There are many situations in which a small or medium business can support its commercial and go-to-market strategy through a network of partners (distributors, dealers, wholesalers, etc). It is a very common way to market products and to provide a high level customer service.
But developing a suitable indirect channel strategy is not easy at all. Having a distribution network has many advantages but requires at the same time a thorough understanding of its dynamics. Otherwise, dealing with distributors can become a real headache and a burden rather than a competitive advantage.
One way to address this complex issue is to start by analyzing the most common mistakes in the practice of managing distribution channels. I call them "the myths of the distribution channel" due to the huge number of conventions and assumptions generally accepted but usually unrealistic.
The myth of exclusivity.
In my experience granting a distributor an exclusive territory does not guarantee a special performance. It only makes sense if the product is particularly new in the market or require a specific investment by the dealer . Even with this situation the timeframe for the exclusivity should be limited.
It can also make some sense in those sectors in which the ripening time for purchasing is very long and requires a high level of interaction with the end customer.
In all other cases I know, the market share obtained is greater when channels compete or are complementary.
The myth of access to new customers.
Distributors are often particularly effective in attacking its base of regular customers. Accessing new customers is difficult and often very expensive. Therefore, unless we give the dealer a very good reason to do a special effort (for example, a great incentive or a significant competitive window of opportunity), access to new accounts in this way is frequently very difficult. Therefore, when choosing a partner make sure that its customer base is adequate for your products.
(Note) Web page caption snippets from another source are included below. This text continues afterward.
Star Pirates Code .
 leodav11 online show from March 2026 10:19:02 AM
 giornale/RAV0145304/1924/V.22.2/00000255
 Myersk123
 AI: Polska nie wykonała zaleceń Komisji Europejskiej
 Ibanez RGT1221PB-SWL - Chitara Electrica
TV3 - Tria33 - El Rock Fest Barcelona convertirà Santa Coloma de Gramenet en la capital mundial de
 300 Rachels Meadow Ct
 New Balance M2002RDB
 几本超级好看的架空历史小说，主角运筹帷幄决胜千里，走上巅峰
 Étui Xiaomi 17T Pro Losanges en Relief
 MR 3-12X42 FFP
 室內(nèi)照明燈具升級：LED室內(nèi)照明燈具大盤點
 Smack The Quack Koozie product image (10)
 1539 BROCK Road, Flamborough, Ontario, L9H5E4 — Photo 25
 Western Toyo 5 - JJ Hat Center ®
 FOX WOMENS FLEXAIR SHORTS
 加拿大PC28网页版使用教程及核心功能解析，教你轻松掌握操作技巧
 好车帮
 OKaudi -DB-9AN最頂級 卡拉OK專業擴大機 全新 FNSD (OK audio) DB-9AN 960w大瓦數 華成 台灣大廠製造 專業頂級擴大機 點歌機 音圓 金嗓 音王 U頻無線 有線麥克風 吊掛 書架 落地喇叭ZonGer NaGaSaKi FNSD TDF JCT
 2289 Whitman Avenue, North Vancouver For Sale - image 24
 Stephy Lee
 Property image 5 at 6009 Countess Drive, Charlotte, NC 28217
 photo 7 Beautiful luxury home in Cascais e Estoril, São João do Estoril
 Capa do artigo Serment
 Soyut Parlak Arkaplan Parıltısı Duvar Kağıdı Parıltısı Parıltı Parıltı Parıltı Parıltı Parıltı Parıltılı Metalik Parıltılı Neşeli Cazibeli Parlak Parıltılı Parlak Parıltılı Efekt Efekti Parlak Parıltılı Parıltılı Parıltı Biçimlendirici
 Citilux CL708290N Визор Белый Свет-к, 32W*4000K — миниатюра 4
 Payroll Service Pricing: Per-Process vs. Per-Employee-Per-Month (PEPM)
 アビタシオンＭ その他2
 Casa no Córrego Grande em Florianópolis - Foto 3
The myth of demand generation.
Distributors serve markets but rarely develop them. This means that the manufacturer has the ultimate responsibility for demand generation. Of course you can decide to have some specialist dealers to train end customers about new products, services or technologies, but its contribution in terms of market share growth is probably going to be very limited.
The myth of treating everyone the same
Another common mistake in implementing a development strategy of distribution channels is assuming that it must be the same in all areas, for all products and for all partners. But the real world makes differences. For example, we may find relatively small distributors that have extremely large market shares in its territory or distributors with a wide geographical presence but with a very limited market share at local level.
Obviously both are important: the first because they provide us proximity to local markets (usually thanks to an excellent customer service) and second because they give us capillarity. But it is also clear that both can not be managed on the basis of rewarding them in the same way. In short, we must make a differential management based on the value provided for our brand in the short and in the long term.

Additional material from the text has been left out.